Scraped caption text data
· · · · ·

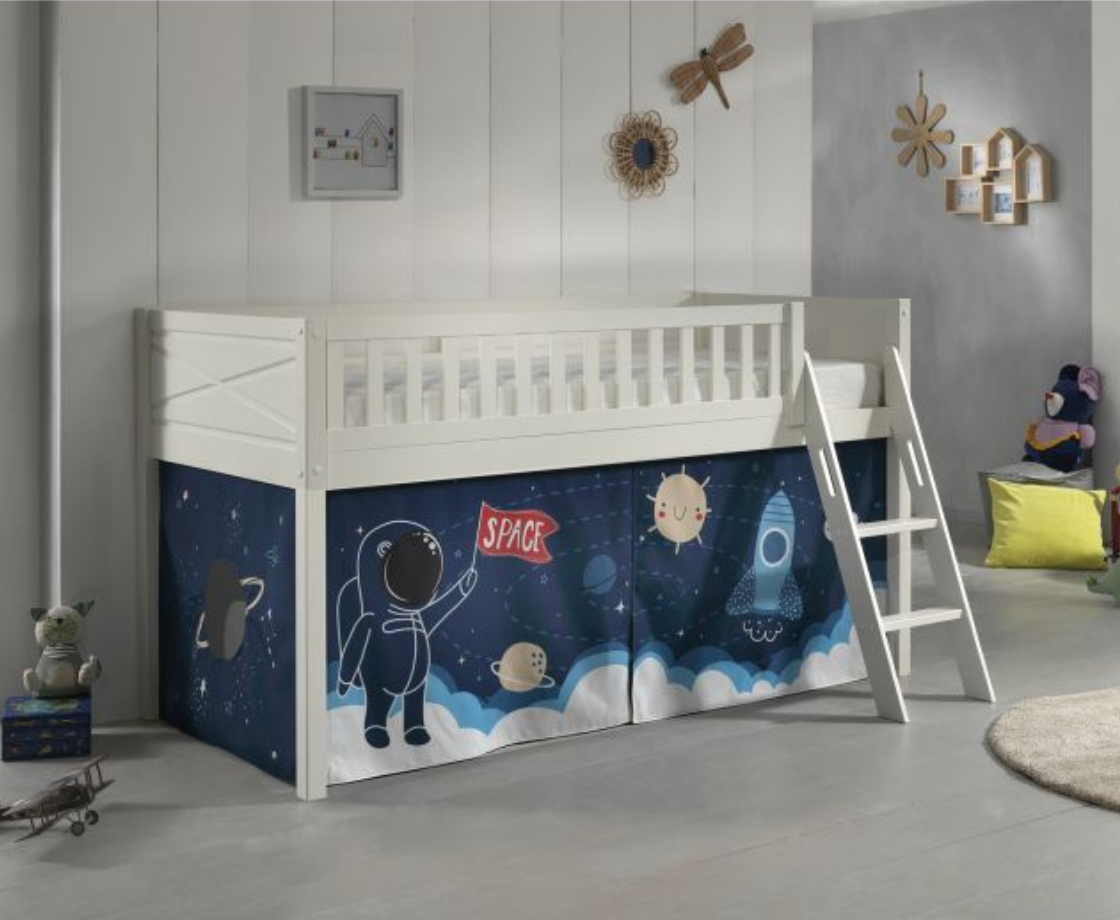 Snowy Midsleeper with Slanted Ladder - White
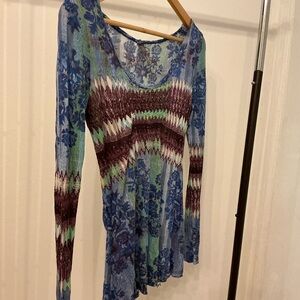 Floral Long Sleeve Top - Blue and Green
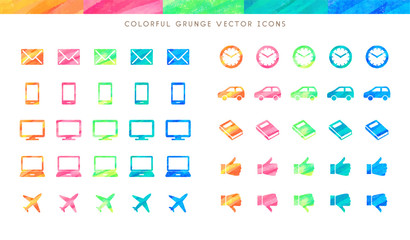 colorful textured icon set (vector)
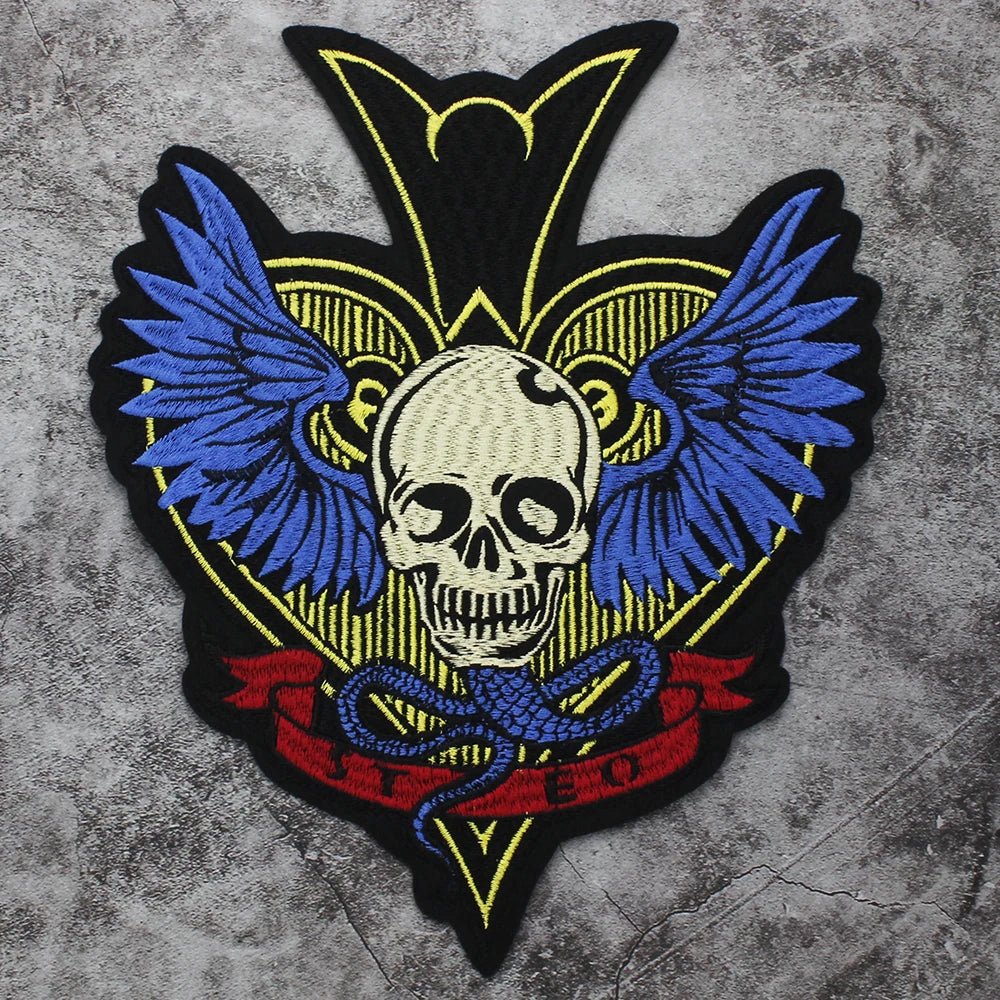 Poker Ace of Spades Embroidery Skull Iron Patch For Clothing Patches Punk Appliques sewing Sticker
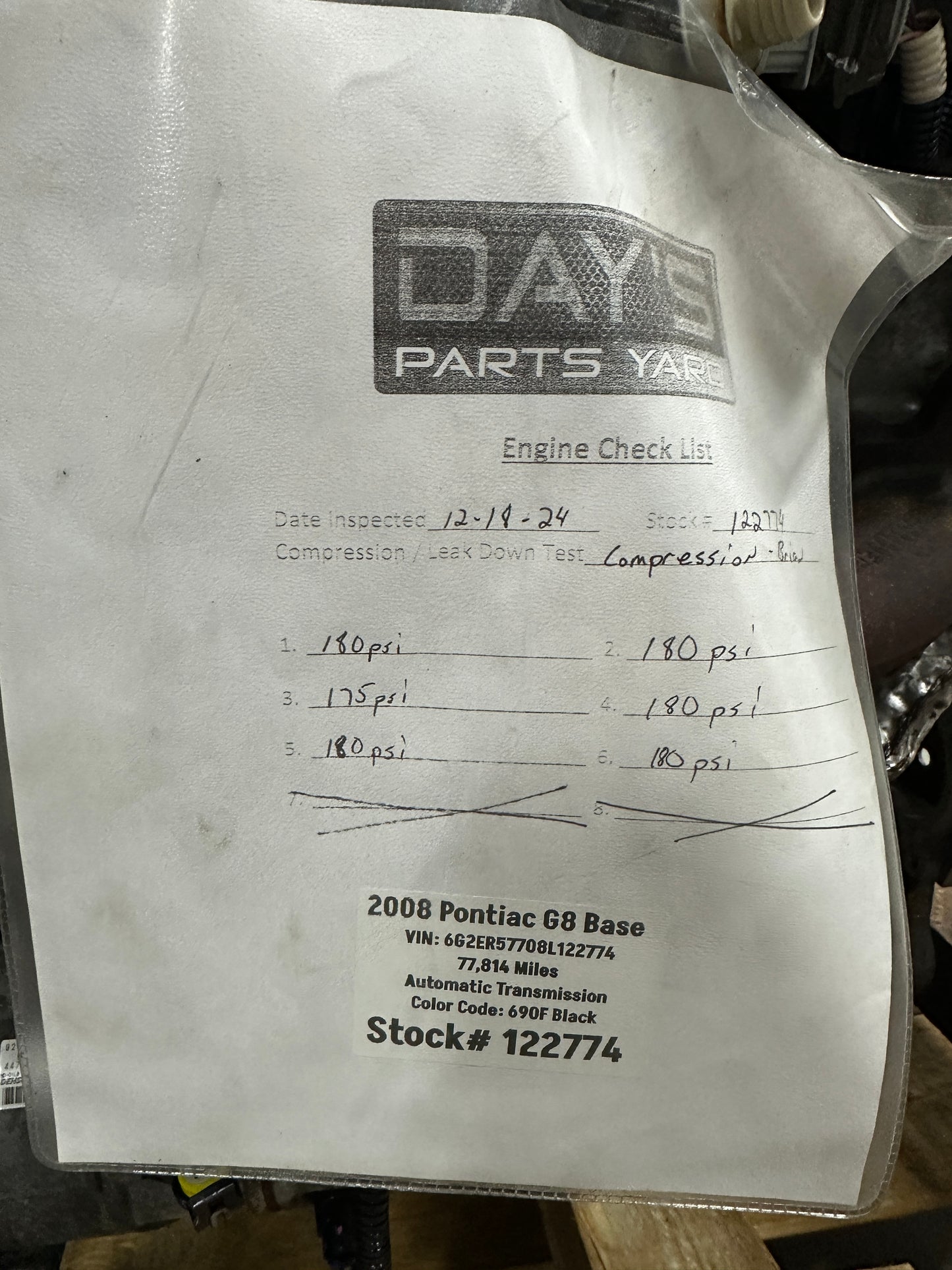 Pontiac G8 Base 3.6L LY6 V6 Engine Motor Assembly 77k - Day's Parts Yard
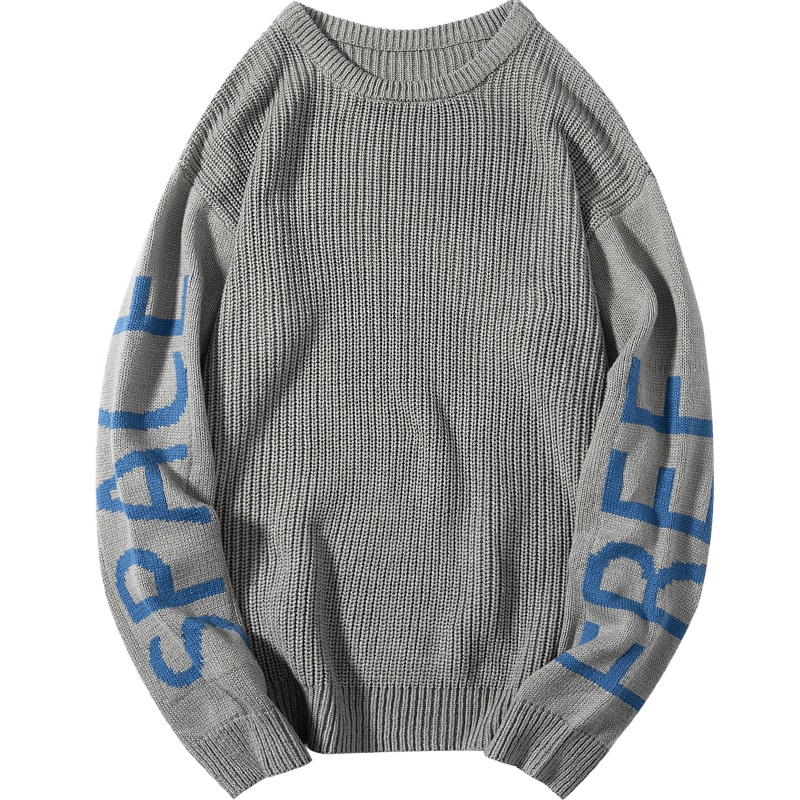 aiken/爱肯长袖针织衫男士2018新款圆领套头修身时尚情侣毛衣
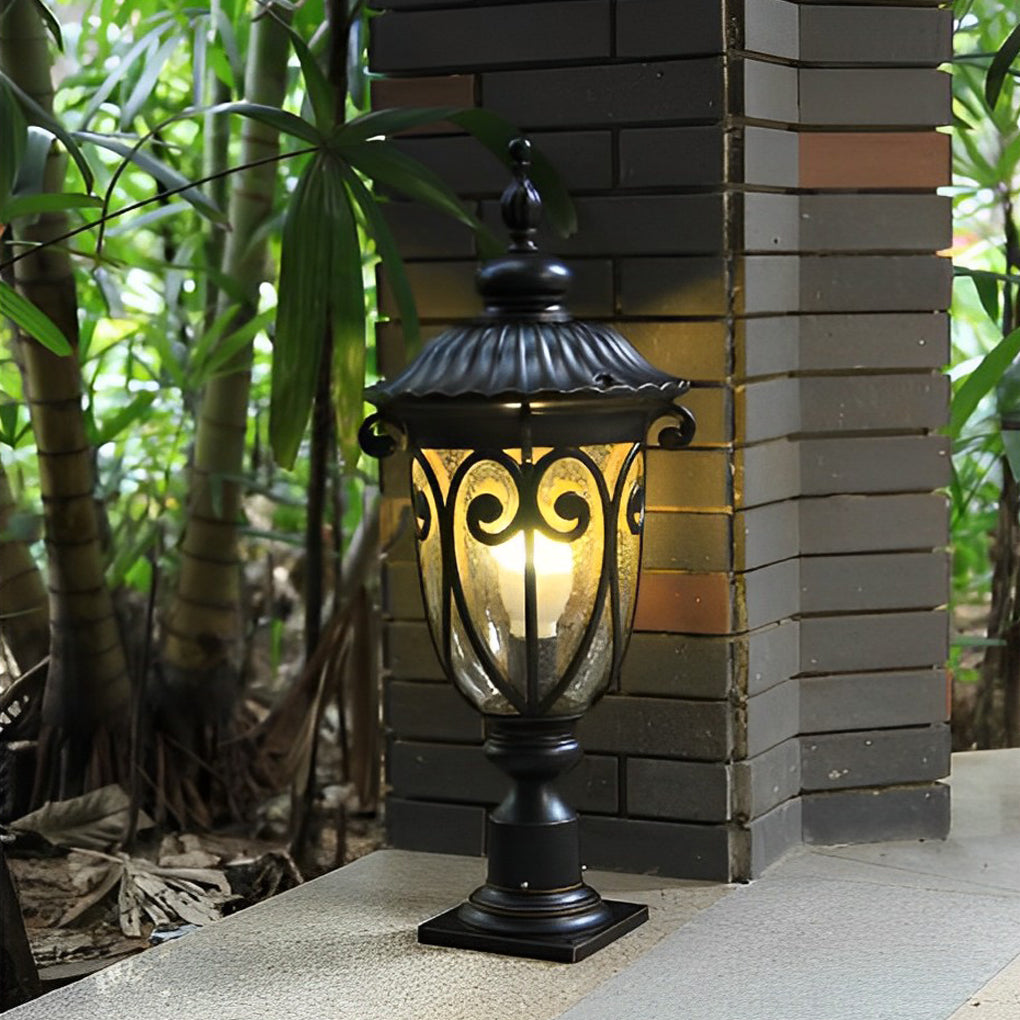 3-b2b08474-721a-45f6-a557-85507256b5cc.jpg Round Bubble Glass Waterproof Black European Style Outdoor Pillar Lamp - Image 1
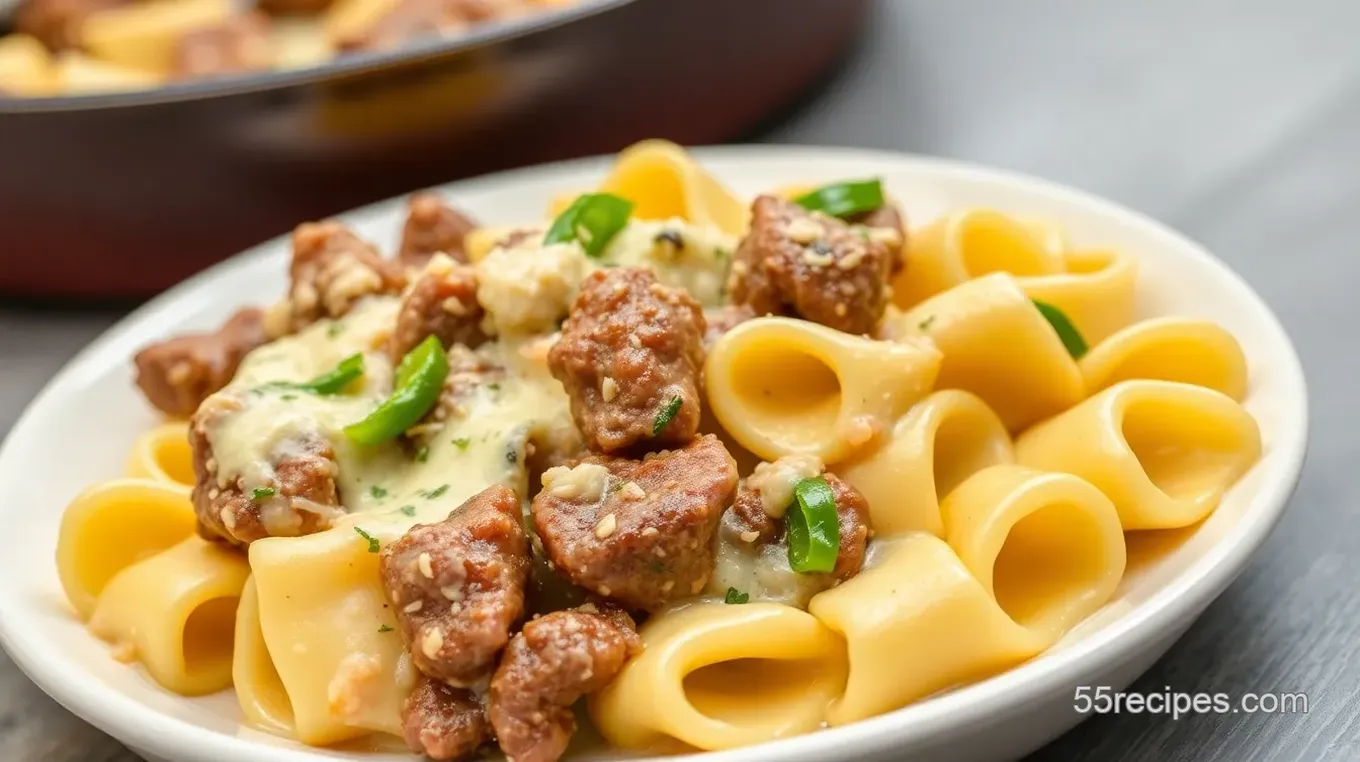 Cheesesteak Tortellini in Rich Provolone Sauce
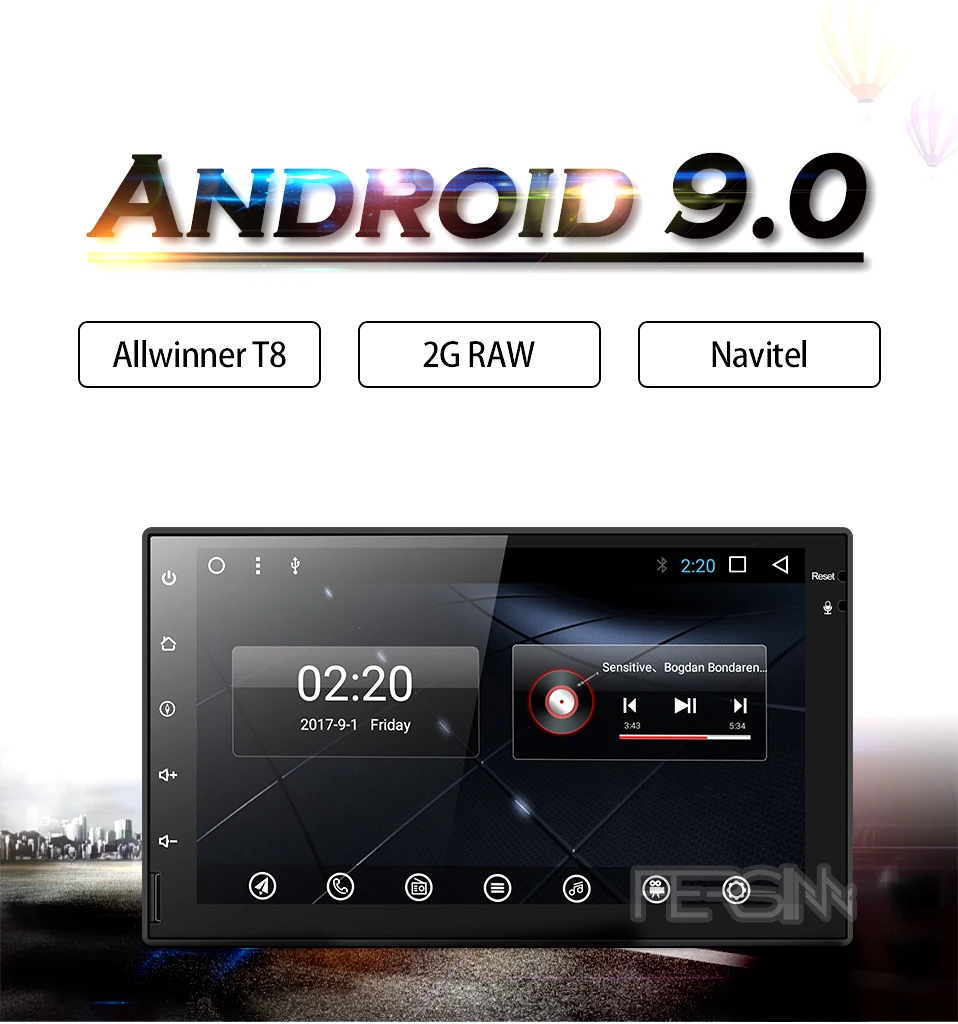 Sale Fersinny CWD7060 2G android 9.0 car dvd gps navigation radio video player stereo universal 2 din radio car multimedia player gps 0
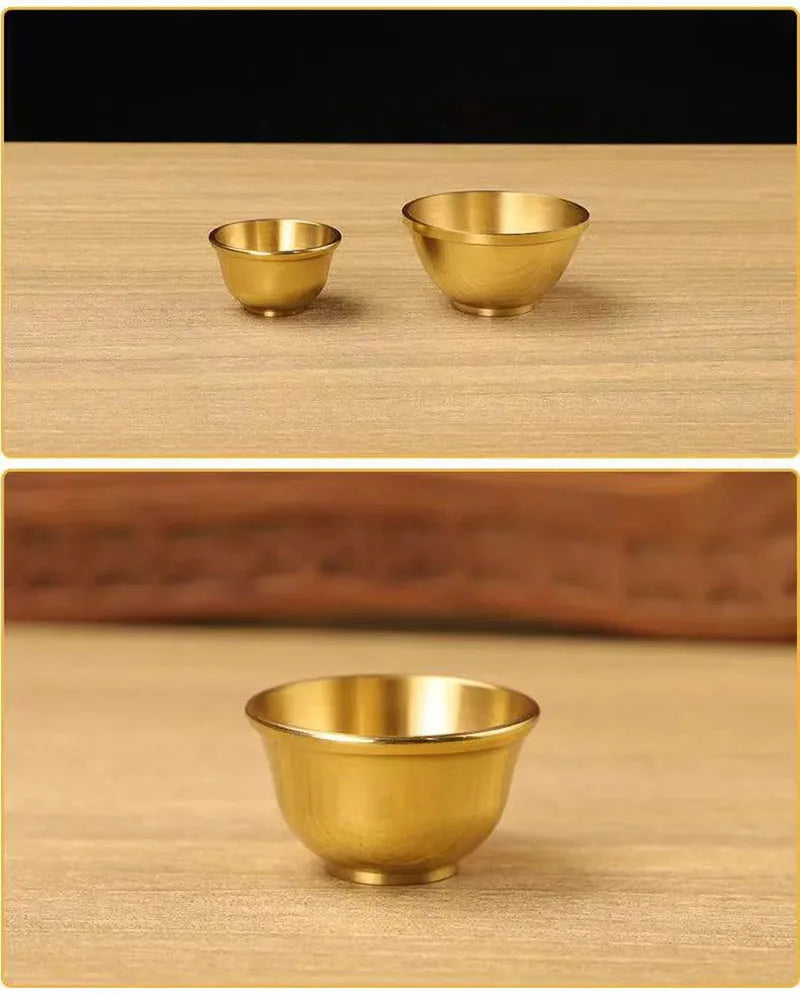 The Brass Vessel – Handcrafted Golden Offering Bowl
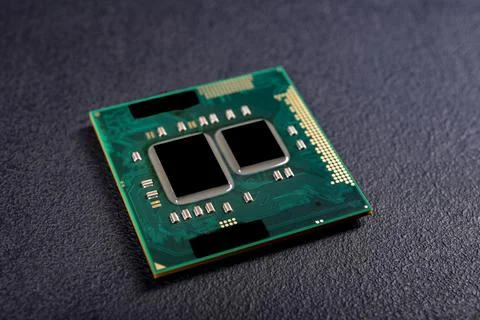 A computer processor used in notebook computers. Spare parts for the repair o Foto stock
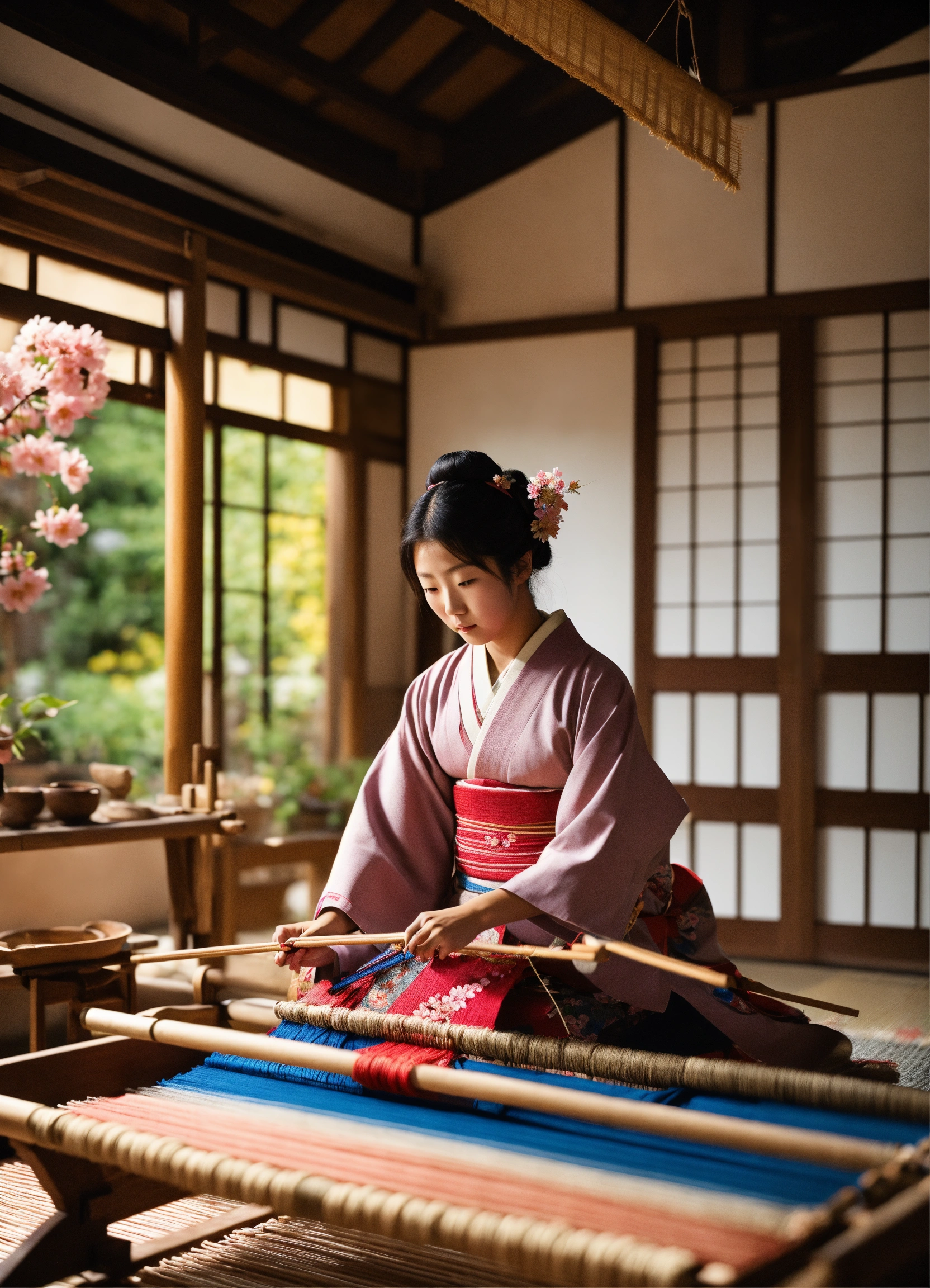 Lexica - 8k image of young Sakura, a Japanese woman, weaving her carpet ...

· · · · ·

Could you restate every entry above word for word, leaving out the pictures?

 Snowy Midsleeper with Slanted Ladder - White
 Floral Long Sleeve Top - Blue and Green
 colorful textured icon set (vector)
 Poker Ace of Spades Embroidery Skull Iron Patch For Clothing Patches Punk Appliques sewing Sticker
 Pontiac G8 Base 3.6L LY6 V6 Engine Motor Assembly 77k - Day's Parts Yard
 aiken/爱肯长袖针织衫男士2018新款圆领套头修身时尚情侣毛衣
 3-b2b08474-721a-45f6-a557-85507256b5cc.jpg Round Bubble Glass Waterproof Black European Style Outdoor Pillar Lamp - Image 1
 Cheesesteak Tortellini in Rich Provolone Sauce
 Sale Fersinny CWD7060 2G android 9.0 car dvd gps navigation radio video player stereo universal 2 din radio car multimedia player gps 0
 The Brass Vessel – Handcrafted Golden Offering Bowl
 A computer processor used in notebook computers. Spare parts for the repair o Foto stock
 Lexica - 8k image of young Sakura, a Japanese woman, weaving her carpet ...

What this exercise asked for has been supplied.